El triunfo de Sergio Massa en las elecciones significó mucho más que un resultado absolutamente insurrecto frente a una multiplicidad de encuestas que volvieron a equivocarse.
El peronismo, y el pueblo argentino, le han puesto un límite a una expresión neofascista intolerable, que iba por las más sensibles conquistas obtenidas durante cuarenta años de democracia. Por lo tanto, esa imposición categórica abre las puertas para un balotaje que, aunque incierto, coloca al movimiento nacional y popular mucho más cerca de la reconstitución de un rumbo posible en medio del marasmo económico y social de la Argentina.
Los votos justicialistas reaparecieron con una puntualidad histórica para frenar a la ultraderecha que ahora pugna desprolijamente por construir alianzas tortuosas para la segunda vuelta. Mientras tanto, el candidato triunfador actúa claramente como un hombre de estado que siente que construyó su propia victoria en base a una correcta interpretación de las expectativas de la base peronista y de los sectores democráticos en su conjunto.
Mientras la oposición se debate en una verdadera bolsa de gatos, Massa hace el juego que más conoce: acumular y acrecentar la materialidad misma del poder. Algo que aparecía como un imposible hasta hace poco tiempo termina revelándose como una epifanía.
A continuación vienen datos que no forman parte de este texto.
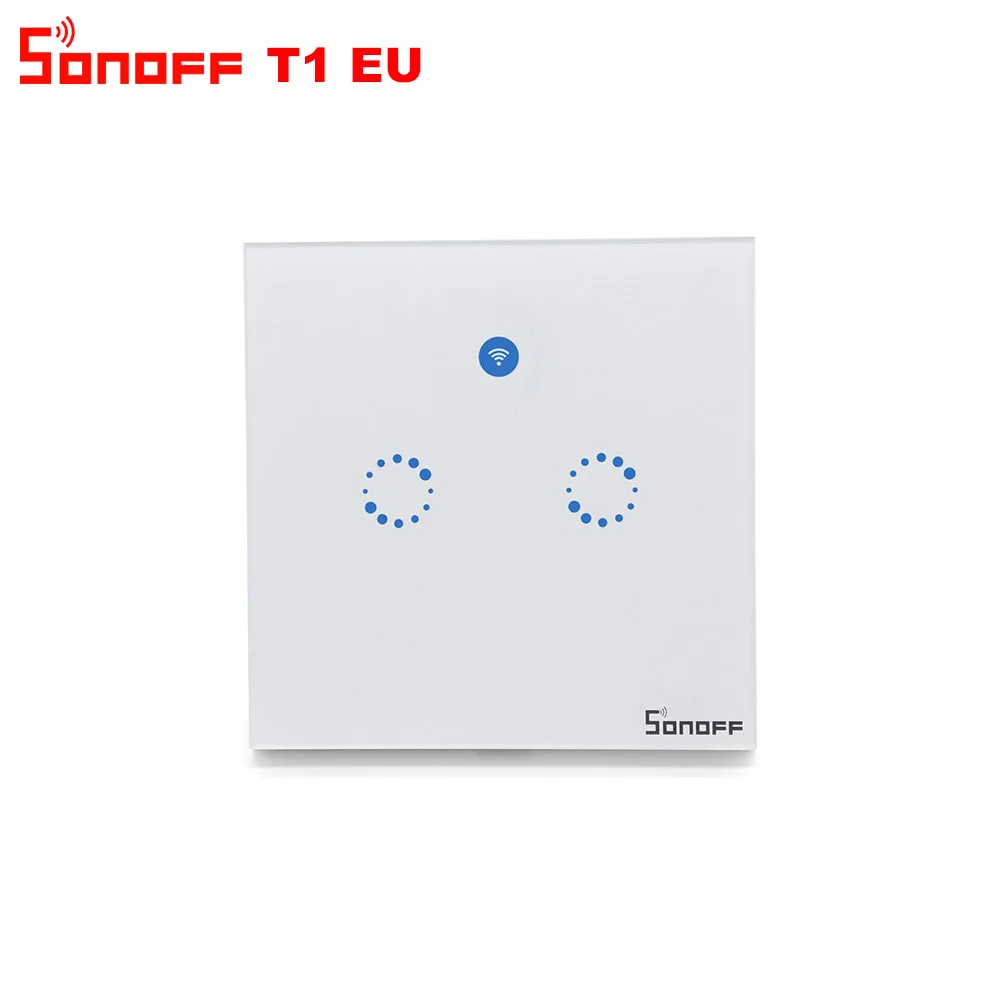 Itead Sonoff T1 EU 2 банда 1 способ Wifi настенный переключатель беспроводной дистанционный светильник реле приложение сенсорное управление Wifi умный переключатель работа с Alexa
El miedo y la desesperación de caer en el pozo de un experimento autoritario han puesto pausa, al menos momentáneamente, en la mayoría de la sociedad argentina. Lo que puede intuirse es que ese estado de ánimo postelectoral se convierta en el preludio de la construcción de un sentido análogo en el balotaje de noviembre.
La rotunda escalada de Massa ha provocado además otro efecto no tan palpable para el gran público: puso al descubierto la contrariedad que buena parte de la burguesía transnacional experimentó por el resultado, porque intuye que el mismo podría poner en mejores condiciones al capital nacional en cuestiones claves que ya comenzaron a jugarse. Esas disputas tienen que ver con la enorme potencialidad del país en temas como la energía, las comunicaciones, los agronegocios y la minería. Allí se disputa la madre de todas las batallas, más allá de que la prensa local e internacional no atiendan a ese costado decisivo de la elección.
Prescindiendo de este entramado de difícil identificación para el conjunto de la sociedad, no hay duda que el negacionismo, la discriminación, la barbarie, el empobrecimiento deliberado del estado, la postración de los jubilados, la pulverización de los salarios, la venta de órganos, la venta de niños y de órganos, los insultos al Papa, la intolerancia y el autoritarismo han quedado reducidos a su verdadera expresión reaccionaria.
No obstante, el resultado acontecido es provisorio y habrá que estar atento a las percepciones variables de un electorado que ha demostrado una profundización de su laxitud para con las históricas filiaciones políticas. El peronismo, de llegar al poder, debe necesariamente reconfigurarse y no dejarse tentar por arrebatos de generoso infantilismo progresista. Así como se han fortalecido la democracia, los derechos humanos, la racionalidad y una esforzada vocación de comprender el mundo, también se ha puesto un vallado a los desvaríos diletantes de las almas bellas.